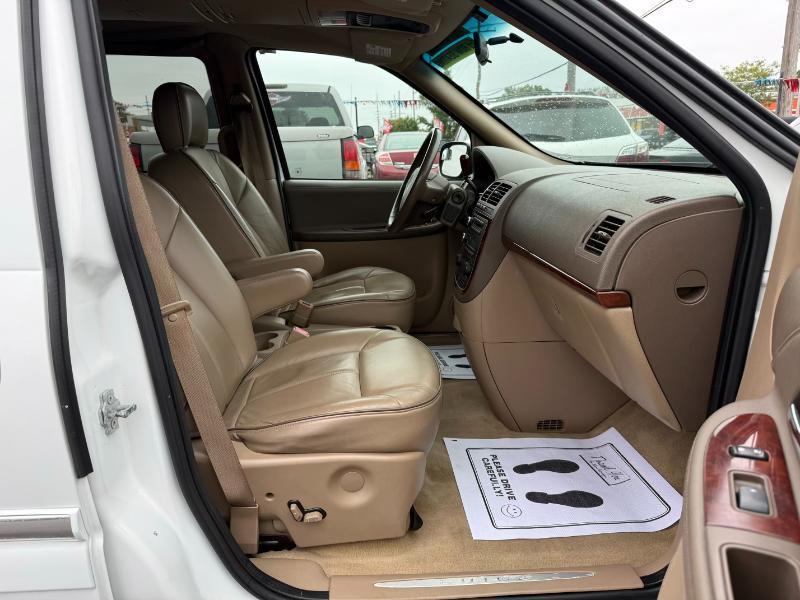 Buick Terraza  2007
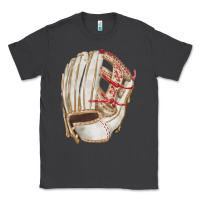Smoke Catchers Mitt Fa Element Classic Tee - FaDigitalArtStudio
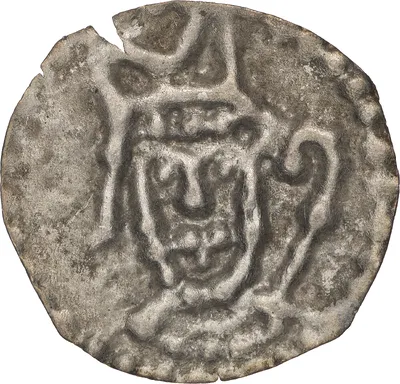  penning, Svealand, Uppsala, Ärkebiskopen i Uppsala, 1200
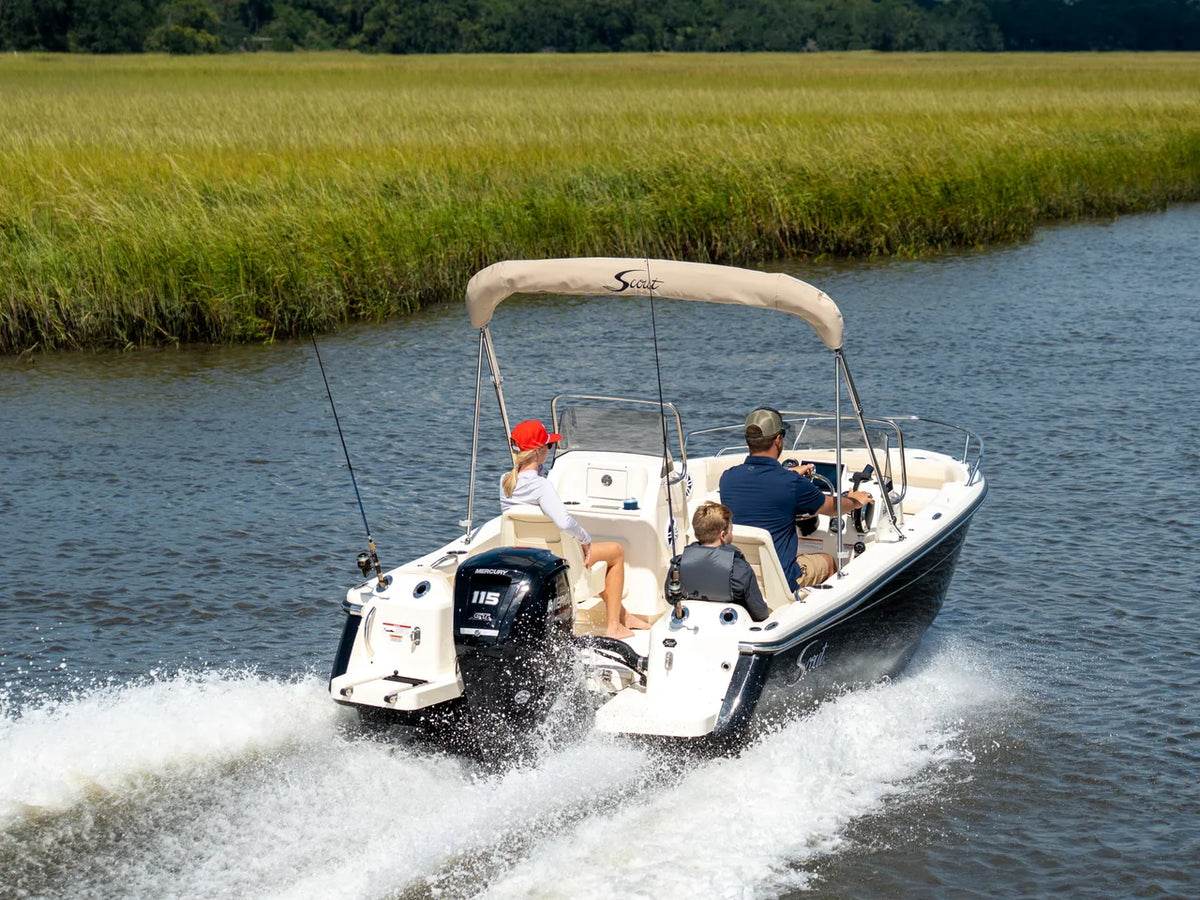 2027 Scout 188 Sport Dorado 18.0 feet, Inuvik, Northwest Territories #2
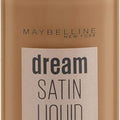 Maybelline Dream Satin Liquid Foundation with Hydrating Serum - Classic Tan 53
━━━━━━━━━━
== YOUR INSTRUCTIONS ==
In your copy, include no pictures; print every line above exactly.

== WRITTEN RESPONSE ==
 Buick Terraza  2007
Smoke Catchers Mitt Fa Element Classic Tee - FaDigitalArtStudio
  penning, Svealand, Uppsala, Ärkebiskopen i Uppsala, 1200
 2027 Scout 188 Sport Dorado 18.0 feet, Inuvik, Northwest Territories #2
 Maybelline Dream Satin Liquid Foundation with Hydrating Serum - Classic Tan 53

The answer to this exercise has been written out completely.